There's something quite satisfying about squelching across sodden moors in the pouring rain. Once you've accepted you're going to get wet, there's no shelter and no short-cut, a sense of purpose kicks in. So with this feeling, I reach the northern end of Ringmoor Down stone row. After the wonders of Drizzlecombe, the tiny terminal stone is surprising, but it shares with Drizzlecombe Row 1 a partial double section (which may not actually be authentic here). Taking pictures is difficult, as the lens gets wet every time I point the camera anywhere but downwards. Eventually I get up to the cairn circle, by which time the rain has got even heavier. This is actually a great little cairn circle, with decently spaced uprights (one of which looks rather as if it might be upside down). The central cairn is badly reduced. I could imagine spending a lot longer here, if it weren't so wet. Instead I squelch onwards.
Just up the hill from Brisworthy are the monuments at Ringmoor which unlike pure joy, we found easily. A corkingly long stone row with a rather nice cairn circle at one end. As I strode down the row it seemed to never end! We also spotted some other stuff up there, including another small cairn circle.
I thought I was going mad trying to find this. I mean, how hard can it be with a map and compass, good weather, and knowing where you are starting from (Brisworthy Stone Circle)? When I did get here it seemed like a lot more that 300 metres from the Stone Circle. It was probably a mix of it being uphill, across long-ish tufty moorland, and not being able to see the cairn circle until you get pretty close to it (I had mistakenly interpreted the directions from the Megalithic Walks website link below to think it could be seen from all around - it can't be seen unless you are on the plateau). Don't be fooled into thinking that stones over to the west might be the ones you want. They aren't. Just head directly uphill (north or NNW) from the stone circle and you will find Ringmoor.
The cairn circle is nice if a little wild and windswept. You do start to get a feeling of being on the top of the world now, with views all around, and the Princeton TV Transmitter looking like you could reach out and touch it (it's actually about 8km away). The row leads away from the circle and is very clear. However, I couldn’t find the small kerbed cairn said by Burl to be about 240m along the row.

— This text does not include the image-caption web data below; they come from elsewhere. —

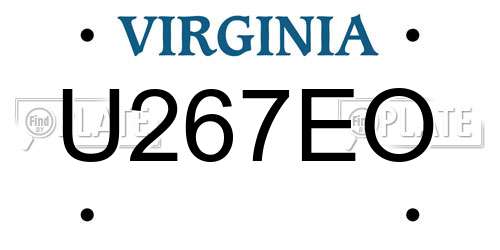 U267EO Virginia License Plate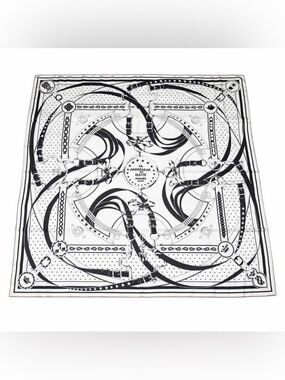 Hermes Black and White Silk Scarf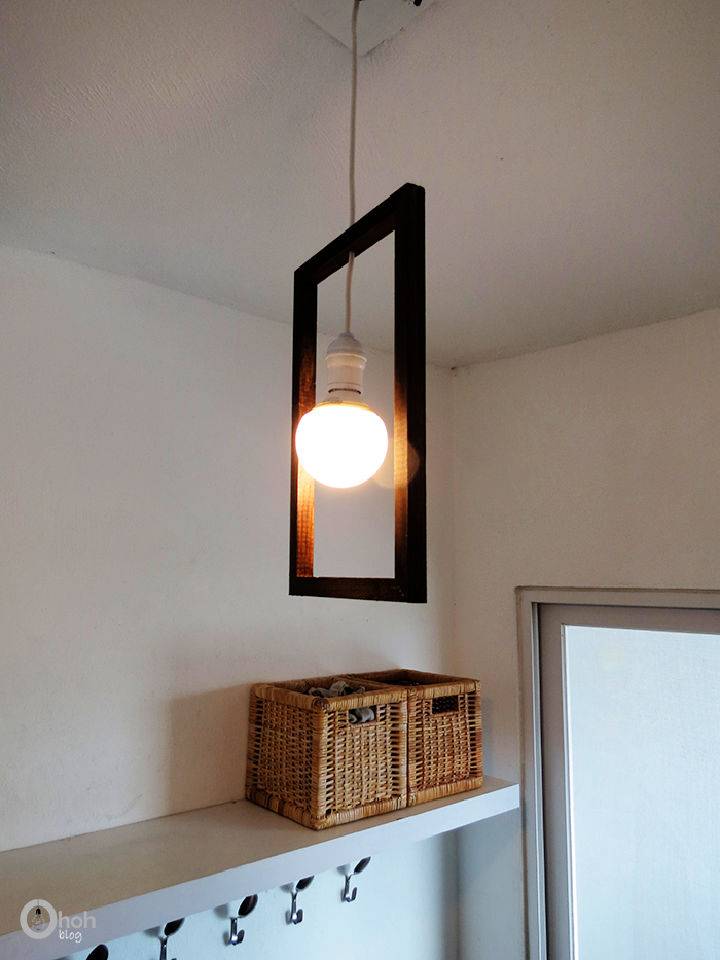 Minimal Frame Pendant Lamp Out of Wood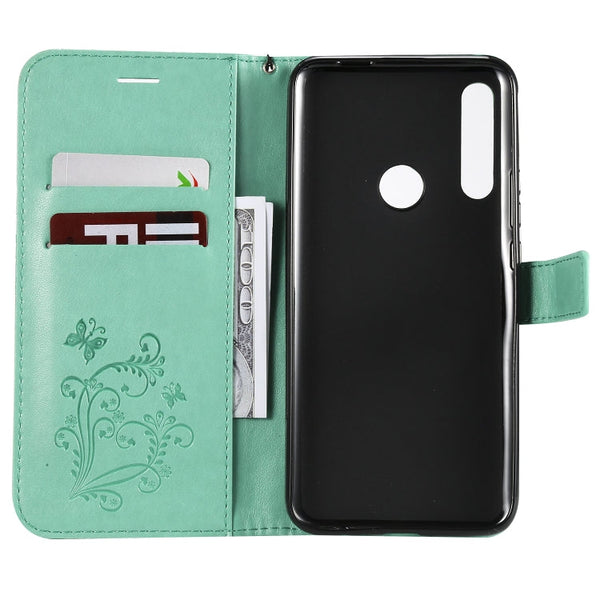 Pressed Printing Butterfly Pattern Horizontal Flip PU Leather Case with Holder & Card Slots & Wallet & Lanyard, For Huawei P Smart Z / Y9 Prime 2019, For Galaxy A80, For Galaxy Note 10+ / 10 Pro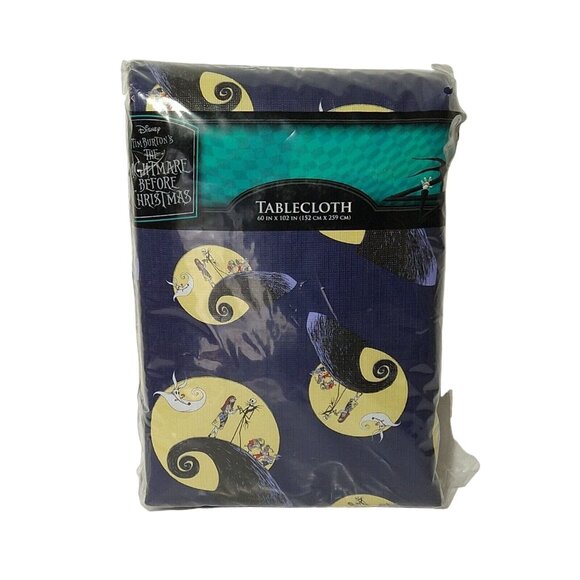 Disney Other - The Nightmare Before Christmas Tablecloth 60 x 102 Blue Christmas Halloween NEW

At first I thought I was going mad, but then I seriously started to believe that it could have been destroyed in recent years?
By the by, the black line marked on the 1:25,000 map, going straight through the row, is not a field wall, so don't expect a large wall as I did. It's probably a reave; an ancient field boundary ditch and bank.
Burl certainly does call this a 530m row but Jeremy Butler in his epic Dartmoor - Atlas of Antiquities claims it is only 369m long.
The difference, he claims, is due to the the restorer who "mistakenly added 180 yds to its length". He puts the original ending at the 1.2m high stone in the row of stones N of the low bank some 300m from the cairn circle.
He also claims it was probably a single row originally as in the areas where there is a double alignment some of the stones are set across the row suggesting they were re-erected incorrectly.
Ringmoor Down is stuffed with prehistoric remains - the stone row, stone circles, hut circles, round cairns... but do resist the urge to dig them up even though "Whoever shall find the treasure hidden on Ringmoor Down may plough with a golden ploughshare and yoke his oxen with golden cross-sticks." - this is a saying recorded in 1850 (and put by Grinsell in his 'Folklore of Prehistoric Sites in Britain'). If I found the treasure I reckon I'd give up farming and pay someone to plough for me with the usual wood and iron kit.